What this task involves
The lines below, from the one holding "2002 Formula 330" through the one holding "Close-up of a girl holding cigarett", are to be restated word for word, with all images left out.

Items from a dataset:

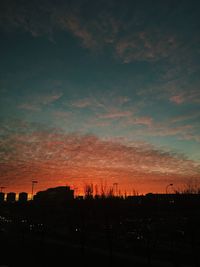 Silhouette cityscape against sky at sunset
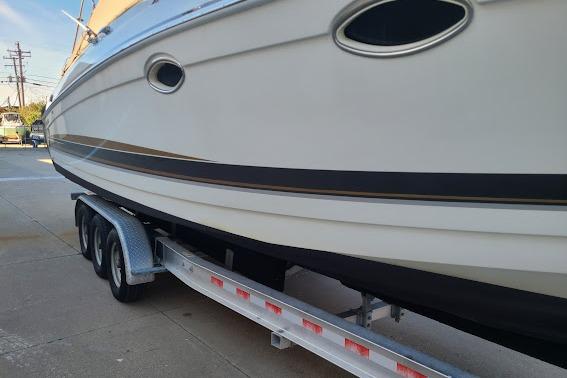 2002 Formula 330 Sun Sport boat on a trailer, side view.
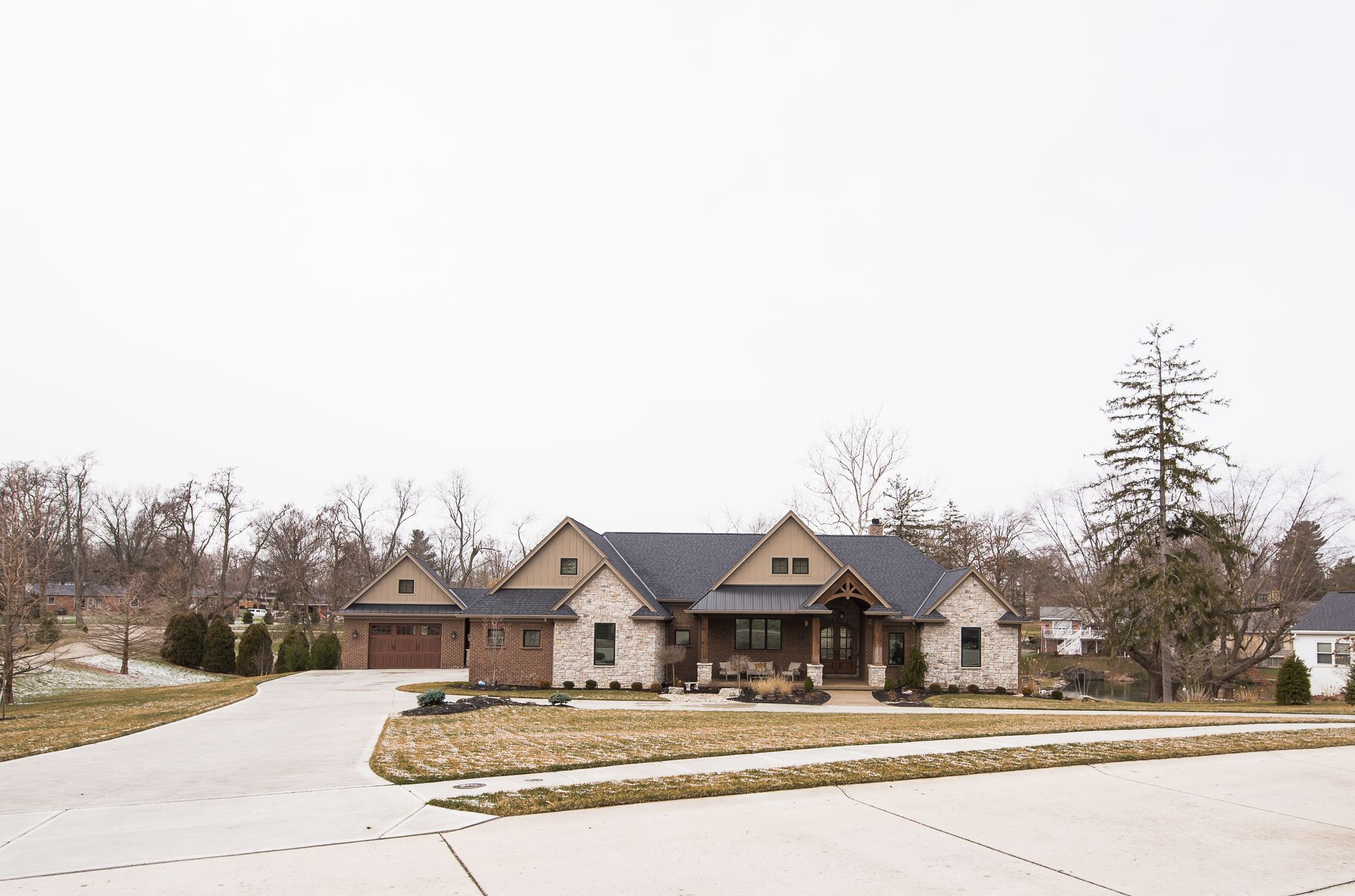 A large house is sitting on top of a lush green hillside.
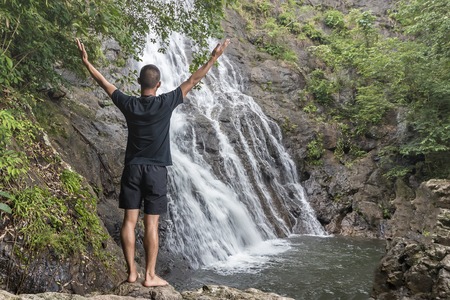 Back view of the man wear in relax outside on the rock and looking at the waterfall view.の写真素材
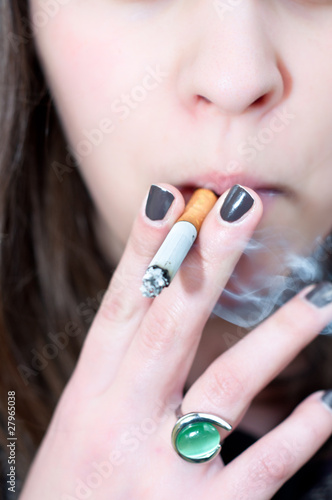 Close-up of a girl holding cigarett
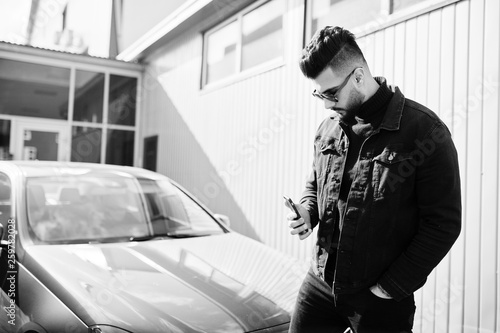 Fashion Arab man wear on black jeans jacket and sunglasses posed against business modern car. Stylish, succesful and fashionable arabian model guy looking at mobile phone. photo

Exercise solution
 2002 Formula 330 Sun Sport boat on a trailer, side view.
 A large house is sitting on top of a lush green hillside.
 Back view of the man wear in relax outside on the rock and looking at the waterfall view.の写真素材
 Close-up of a girl holding cigarett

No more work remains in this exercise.